Monday, December 5, 2011

Queen of Night

If your grandfather was the Sun (Helios), and your aunts were Pasiphae and Circe, you might be curious about magic. Such was the immediate family of Medea of Colchis, daughter of Aeetes, whose mother, Eidyia, was identified by some as the goddess of Knowledge.

Behind Medea is the power and tradition of Hecate, who seems once again to be associated with the East, with Anatolia, rather than being an indigenous Greek deity.

In his Theogony, Hesiod had much to say about Hecate, one of the Titans whom Zeus, instead of destroying, honored and revered. Curiously while ascribing to her great powers, the poet doesn't specifically link her to magic, potions or drugs.

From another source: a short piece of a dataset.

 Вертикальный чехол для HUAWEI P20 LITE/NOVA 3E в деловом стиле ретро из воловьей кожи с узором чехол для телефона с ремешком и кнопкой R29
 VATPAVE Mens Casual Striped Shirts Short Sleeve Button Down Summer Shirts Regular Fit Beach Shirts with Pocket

Yet she is clearly associated with them, as Parada notes in his entry on Hecate:
A divinity of the Underworld and companion of Persephone, [Hecate] is called the queen of night and goddess of the cross-roads. Her three faces are turned towards as many directions, and her name was shrieked at night at the cross-roads of cities. She is often seen bearing torches, and it is with them that she killed Clytius 6 in the course of the Gigantomachy. Hecate is regarded as supreme, both in Heaven and in the Underworld, and it is said that Zeus calls upon her whenever any man on earth offers sacrifices, and prays for favor.

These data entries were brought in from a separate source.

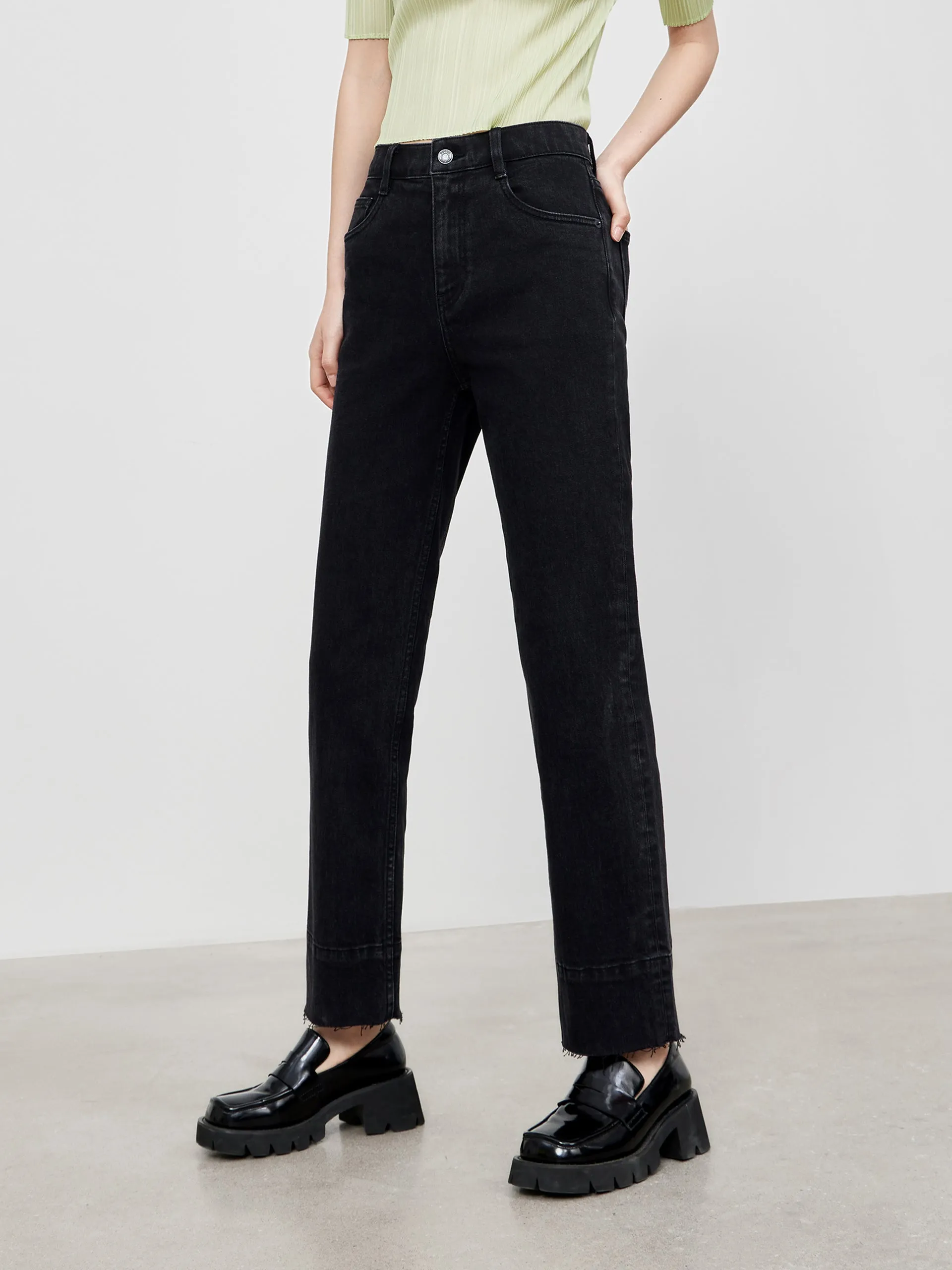 Straight Frayed Cotton Jeans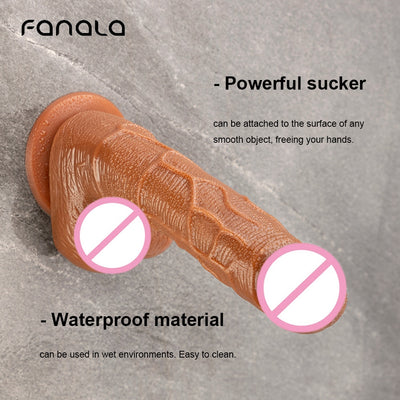 FanaLa Brown Suction Cup Dildo Silicone Non Vibration Women Dildo G-spot Anal Sex Toy Flexible Penis Lesbian Long Soft Butt Plug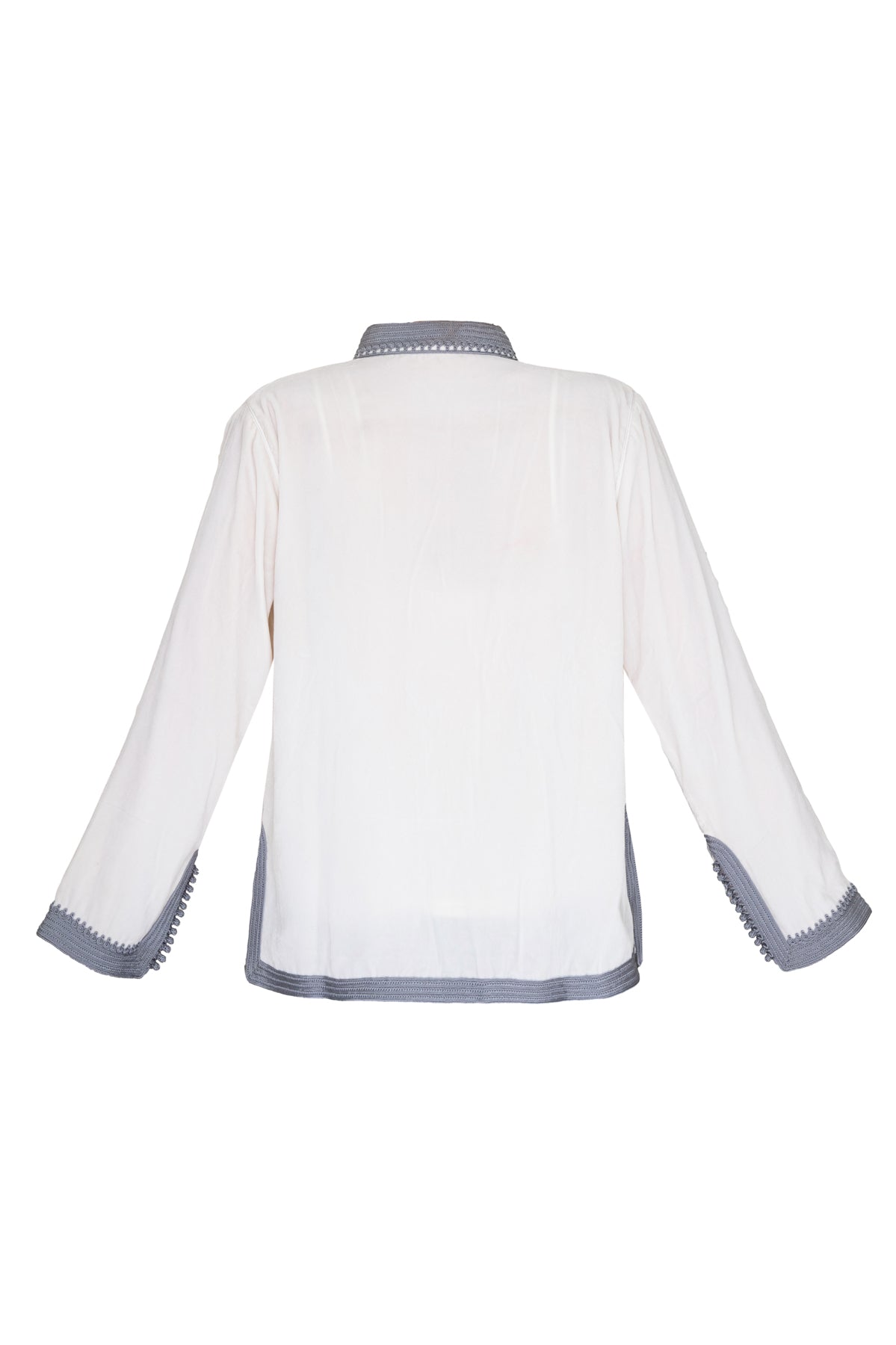 Women's Moroccan Velvet Jacket - White & Grey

This power resembles that of sorcery. For Medea, who was a priestess of Hecate, used witchcraft, apparently under the guidance of the goddess, in order to handle magic herbs and poisons with skill, and to be able to stay the course of rivers, or check the paths of the stars and the moon. 
The Caucasian witch also relied on the goddess' help, when she was about to commit a crime in Hellas: "By the goddess I worship most of all, my chosen helper Hecate, who dwells in the inner chamber of my house, none of them shall pain my heart and smile at it! Bitter will I make their marriage, bitter Creon's marriage-alliance, and bitter my banishment from the land!" (Euripides, Medea 400). For Hecate had not left her, although Medea sailed away from Colchis. 
But when the goddess noticed that Medea, by a trick of Hera, would fell in love with Jason and leave the country, she lamented: "Alas! you'll leave our woodland and your maiden bands, unhappy girl, to wander in your own despite to the cities of the Greeks. Yet not unbidden you go, nor, my dear one, will I forsake you. A signal record of your flight shall you leave behind, nor though a captive shall you ever be despised by your false lord, nay, he shall know me for your teacher, and that I grieved with shame that he robbed me of my handmaid." (Hecate. Valerius Flaccus, Argonautica 6.497. Note: there are two Argonauticas, this one, and the earlier one by Apollonius Rhodius. Links to both are on the right -->). 
Nevertheless, she helped Medea in Colchis, as did both Hera and Aphrodite; and the reason why the witch succeeded in helping Jason against her own father and brother is that she was supported by these three goddesses, and particularly by Hecate. It was the latter who gave Medea the Caucasian herb of great potency, sprung from the gore that dropped from the liver of Prometheus 1; with it Medea anointed Jason's body and arms, making him practically invulnerable.
One subtext of the tale of Jason and Medea, then, is a contest between Hecate and Athena.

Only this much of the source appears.